Hassium oxidation states
Hassium’s predicted oxidation states run from +2 up to +8, with +8 as the signature state thanks to the tetroxide. Here’s the catch that most element overviews skip: the most stable state isn’t necessarily the highest one.
| Oxidation state | Example compound | Status |
|---|---|---|
| +8 | HsO₄, [HsO₄(OH)₂]²⁻ | Experimentally confirmed |
| +6 | HsF₆ | Predicted |
| +4 | HsCl₄, HsBr₄ | Predicted (may dominate in solution) |
| +3 | — | Predicted |
| +2 | — | Predicted |
| 0 | Hs(CO)₆, hassocene | Predicted |
The interesting prediction is that in aqueous solution, the +4 state may actually be more stable than +8. That’s a departure from a simple “highest = most stable” reading and a hint that relativistic effects are quietly reshaping hassium’s chemistry away from a clean osmium copy. The gas-phase tetroxide is rock solid; what hassium would do dissolved in water is a more open question, and the answer leans toward +4.
Relativistic effects in plain language
Every prediction about hassium comes with an asterisk, and the asterisk is relativity.
In a superheavy atom, the nucleus carries a huge positive charge — 108 protons for hassium. The innermost electrons have to move at a serious fraction of the speed of light to avoid falling in. At those speeds, Einstein’s relativity kicks in and the electrons effectively gain mass, which pulls them into tighter orbits closer to the nucleus.
That contraction ripples outward. The inner electrons, now huddled close, shield the outer electrons from the nuclear charge more effectively. Some orbitals shrink, others expand, and the energy levels shuffle. The practical result: hassium’s chemistry doesn’t perfectly match what you’d get by reading straight down the periodic table from osmium. It’s close — close enough that the tetroxide experiment worked — but bent.
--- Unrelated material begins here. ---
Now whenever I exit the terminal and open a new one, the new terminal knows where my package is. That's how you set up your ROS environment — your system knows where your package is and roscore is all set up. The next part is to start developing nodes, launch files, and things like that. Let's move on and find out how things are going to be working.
This is why the +4-over-+8 prediction matters, and why hassium tetroxide came out slightly less volatile than osmium tetroxide. Relativistic effects are the reason superheavy chemistry is its own field rather than a footnote to the lighter elements. If you want the deeper version, the IUPAC discussions on superheavy element nomenclature and chemistry lay out how researchers handle elements that exist for fractions of a second.
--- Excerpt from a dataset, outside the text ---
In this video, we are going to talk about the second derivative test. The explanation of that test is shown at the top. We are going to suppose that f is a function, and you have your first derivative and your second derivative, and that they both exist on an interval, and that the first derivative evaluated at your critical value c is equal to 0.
Confirmed vs. predicted: the honest summary
Strip away the textbook compound lists and hassium chemistry comes down to a short, clean record.
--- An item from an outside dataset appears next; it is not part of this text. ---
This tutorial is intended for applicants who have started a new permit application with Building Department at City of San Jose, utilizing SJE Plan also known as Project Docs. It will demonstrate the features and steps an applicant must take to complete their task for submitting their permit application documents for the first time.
Confirmed: Hassium tetroxide (HsO₄), volatile, with an adsorption enthalpy near −46 kJ/mol — measured atom-by-atom in 2002. Plus its reaction product, sodium hassate(VIII), built on the [HsO₄(OH)₂]²⁻ anion. Two compounds, both at the +8 oxidation state, both confirming hassium as a genuine group 8 element behaving like a heavy osmium.
Predicted: Everything else. HsF₆, HsCl₄, HsBr₄, Hs(CO)₆, hassocene, HsH₂, and the full +2-to-+8 oxidation range. These come from relativistic quantum chemistry calculations anchored to osmium, iron, and ruthenium, and they’re good predictions — but no atom of any of them has ever been made.
So the next time you see a tidy list of hassium compounds, read it with the right filter. One of them is chemistry. The rest is well-informed prophecy. For a synthetic element that mostly exists for milliseconds, getting even a single compound confirmed counts as a real win — and the fact that it behaved exactly like osmium said it would is the quiet triumph buried in all that theory.